Le repas du Seigneur représente un moment solennel et en même temps joyeux où tous les chrétiens devraient trouver leur place. Toutefois Paul évoque une triste possibilité :
Celle de manger et de boire indignement ce repas du Seigneur (1 Co 11.27). Qu’est-ce que cela veut dire ? D’après le contexte, participer au repas indignement est mis en parallèle avec manger et boire sans discerner ce qu’est le corps du Seigneur (v.29). Pour discerner ce qu’est ce corps, ce qu’il représente pour moi, j’ai besoin évidemment de comprendre et de croire que le corps de Jésus a été crucifié sur une croix pour moi. Comment pourrais-je annoncer la mort du Seigneur si je n’y crois pas personnellement ?
Ceux qui ont la responsabilité de distribuer le pain et la coupe ont aussi la responsabilité de dire que ce repas est pour ceux qui sont en règle avec Dieu. En même temps, bien sûr, ils peuvent exhorter les non-chrétiens qui sont présents, à saisir l’occasion de cette annonce éloquente de la mort du Seigneur pour se repentir et croire à l’Evangile sans plus attendre.
Mais la possibilité que des non-croyants puissent prendre indignement la Cène ne paraît pas être la première préoccupation de Paul dans ce passage : son avertissement s’adresse aux chrétiens de Corinthe qui se comportaient de façon indigne lors de la Sainte Cène :
1) Certains ne discernaient pas la sainteté du moment ; ils s’enivraient, mangeaient chacun pour soi, sans attendre les autres (peut-être les esclaves qui ne pouvaient pas être là plus tôt ?), de sorte que le repas perdait tout de sa joie et de sa solennité.
2) Les divisions qui se manifestaient au cours de ce qui devait être un repas de communion étaient un affront, non seulement envers les chrétiens qui n’avaient rien et qui assistaient aux excès de table de la part de certains riches, mais aussi envers le Seigneur lui-même qui avait donné sa vie pour faire de ces chrétiens, les riches comme les pauvres, un seul corps. Les chrétiens auxquels Paul s’adressait en 1 Co 11.17-24 ne discernaient pas cette unité du corps de Christ, de l’Eglise, ils la niaient même par leur comportement. C’est ainsi qu’ils mangeaient et buvaient indignement.

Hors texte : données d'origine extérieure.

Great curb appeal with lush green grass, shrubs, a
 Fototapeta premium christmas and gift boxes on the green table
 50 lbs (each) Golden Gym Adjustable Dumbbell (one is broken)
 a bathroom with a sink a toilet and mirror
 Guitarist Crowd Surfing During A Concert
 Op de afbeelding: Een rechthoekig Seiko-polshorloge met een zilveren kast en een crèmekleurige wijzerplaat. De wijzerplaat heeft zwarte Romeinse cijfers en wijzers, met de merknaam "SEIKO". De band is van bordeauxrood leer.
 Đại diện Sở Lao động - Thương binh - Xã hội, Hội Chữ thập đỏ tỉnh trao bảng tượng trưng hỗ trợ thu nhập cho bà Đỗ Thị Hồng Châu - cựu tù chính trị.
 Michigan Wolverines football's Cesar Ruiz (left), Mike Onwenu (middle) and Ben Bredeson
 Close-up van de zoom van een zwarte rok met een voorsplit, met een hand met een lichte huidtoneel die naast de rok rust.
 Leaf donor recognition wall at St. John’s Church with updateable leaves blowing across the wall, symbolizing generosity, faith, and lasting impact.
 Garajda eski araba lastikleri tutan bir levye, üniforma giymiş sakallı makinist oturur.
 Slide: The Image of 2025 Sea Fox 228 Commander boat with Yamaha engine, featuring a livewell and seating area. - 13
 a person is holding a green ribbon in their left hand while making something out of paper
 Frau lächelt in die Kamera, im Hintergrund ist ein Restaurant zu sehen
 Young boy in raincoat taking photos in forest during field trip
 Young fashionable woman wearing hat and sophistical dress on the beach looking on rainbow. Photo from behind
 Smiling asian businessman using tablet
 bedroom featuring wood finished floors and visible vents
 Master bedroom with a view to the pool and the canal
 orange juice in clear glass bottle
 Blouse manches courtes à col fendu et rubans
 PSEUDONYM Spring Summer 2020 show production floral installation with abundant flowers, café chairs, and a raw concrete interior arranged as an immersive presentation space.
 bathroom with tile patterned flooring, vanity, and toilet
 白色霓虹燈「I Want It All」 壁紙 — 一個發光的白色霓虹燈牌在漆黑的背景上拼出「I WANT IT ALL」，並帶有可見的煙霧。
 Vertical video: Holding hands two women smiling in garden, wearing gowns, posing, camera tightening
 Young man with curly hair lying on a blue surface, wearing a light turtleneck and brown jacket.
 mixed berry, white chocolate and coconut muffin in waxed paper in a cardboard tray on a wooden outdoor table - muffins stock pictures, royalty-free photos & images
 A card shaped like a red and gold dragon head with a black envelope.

Que dire donc ? Est-ce que j’ai une attitude envers un frère ou une soeur qui nuit à l’unité du corps de Christ, dont nous faisons partie tous les deux ? Si c’est le cas je ferais mieux de m’abstenir et de régler le problème dès que possible. Paul invite chaque chrétien à s’examiner soi-même et ensuite à participer au repas.
L’Eglise a aussi une responsabilité quand un chrétien vit notoirement dans le péché, comme c’était le cas à Corinthe (voir 1 Co 5) : l’homme en question devait être expulsé du milieu d’eux, il ne fallait même pas manger avec lui (v. 11) ; cet acte de discipline devait certainement l’exclure du repas du Seigneur. Une telle décision doit être communautaire, et doit être entreprise en dernier recours, après les autres démarches prévues par le Nouveau Testament, dans le but d’amener le coupable à la repentance et au rétablissement dans la communauté.
En conclusion, comme l’a dit Jules-Marcel Nicole1 : nous devons être convaincus de notre indignité naturelle pour communier dignement ! Malgré notre indignité, Dieu nous a fait grâce en Christ. C’est en reconnaissant cela que je peux participer sincèrement et joyeusement au repas du Seigneur avec mes frères et soeurs qui ont reçu la même grâce que moi.
A.K.
Note
1. : Jules-Marcel Nicole, Précis de doctrine chrétienne, Edit. de l’Institut Biblique de Nogent, 1991, p. 281.